→ **About this exercise**
Look below for the line that has "Bitcoin bayrağı. Altın"; output exactly from it through the line that has "Battat Education Fine", and leave the pictures out.

→ **Source data**
____

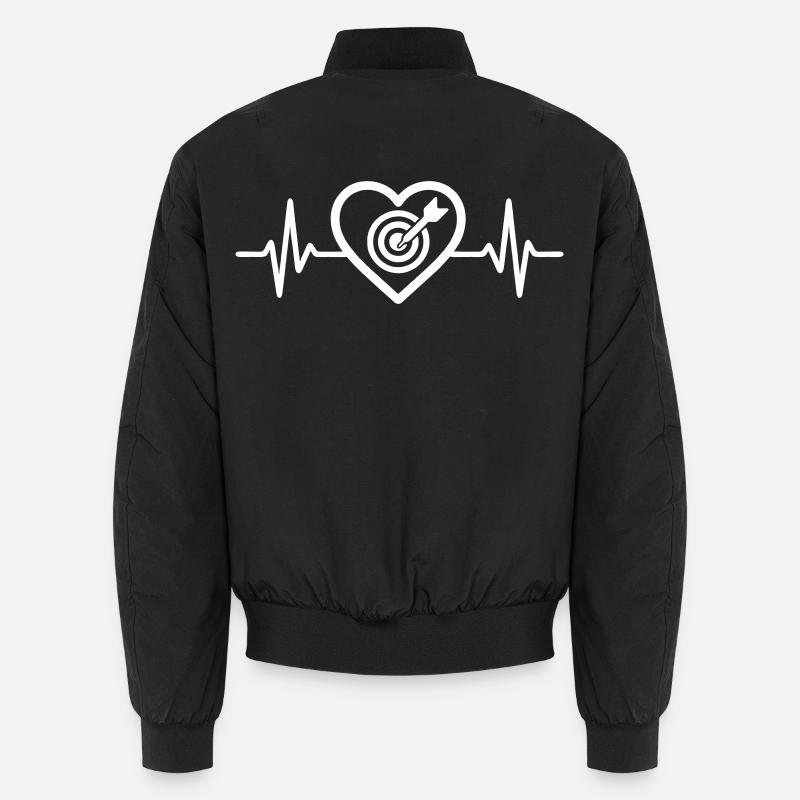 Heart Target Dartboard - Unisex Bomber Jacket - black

____

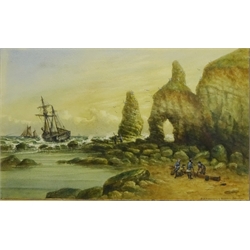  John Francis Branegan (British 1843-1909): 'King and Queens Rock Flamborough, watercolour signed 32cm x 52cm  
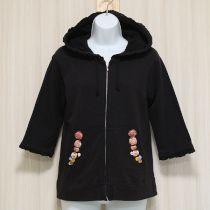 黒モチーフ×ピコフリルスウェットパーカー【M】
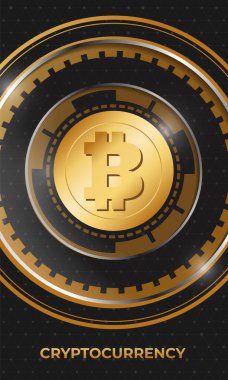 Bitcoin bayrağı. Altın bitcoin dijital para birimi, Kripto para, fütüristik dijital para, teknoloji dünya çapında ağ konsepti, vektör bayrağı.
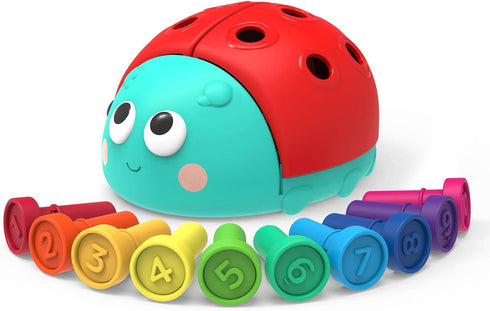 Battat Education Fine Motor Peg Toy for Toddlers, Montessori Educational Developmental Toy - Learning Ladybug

____

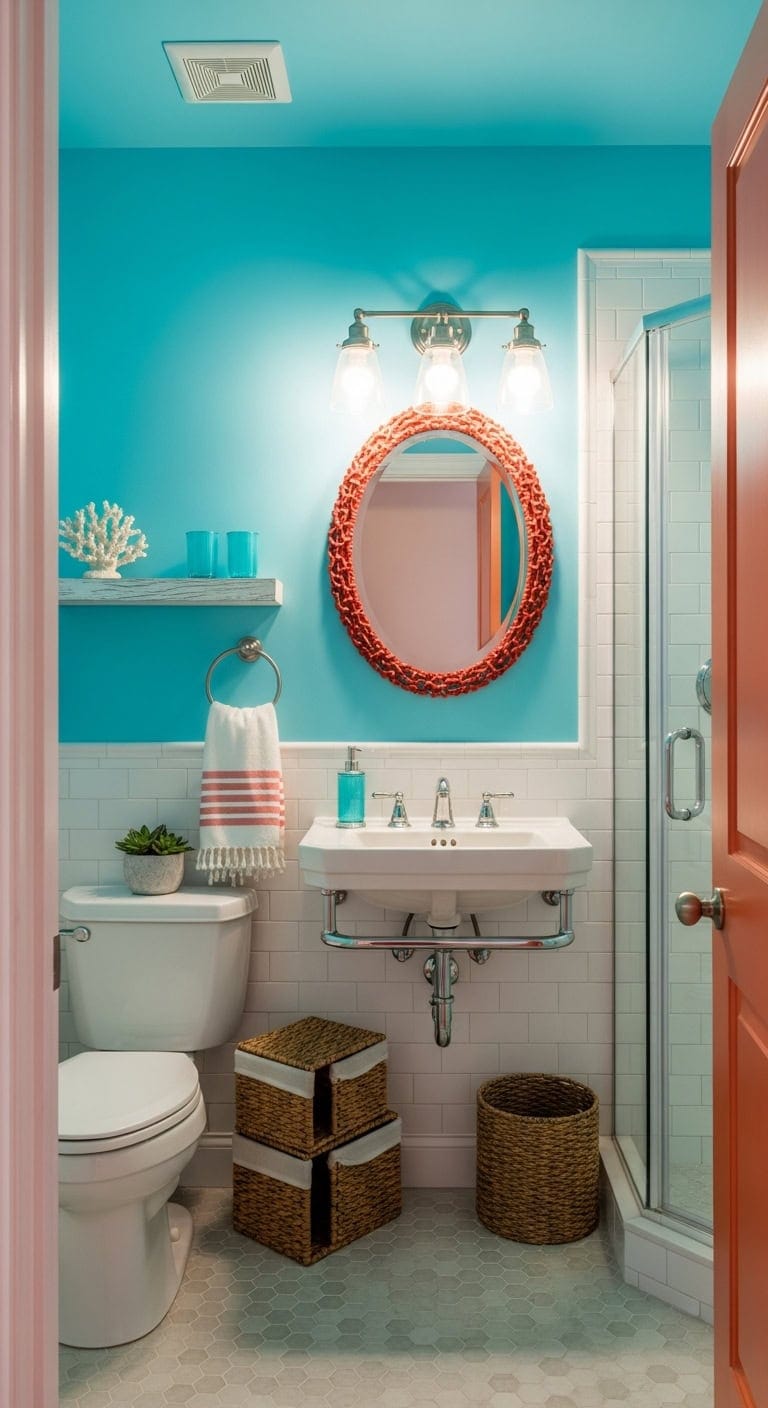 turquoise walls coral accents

____

→ **Output for this task**
 Bitcoin bayrağı. Altın bitcoin dijital para birimi, Kripto para, fütüristik dijital para, teknoloji dünya çapında ağ konsepti, vektör bayrağı.
 Battat Education Fine Motor Peg Toy for Toddlers, Montessori Educational Developmental Toy - Learning Ladybug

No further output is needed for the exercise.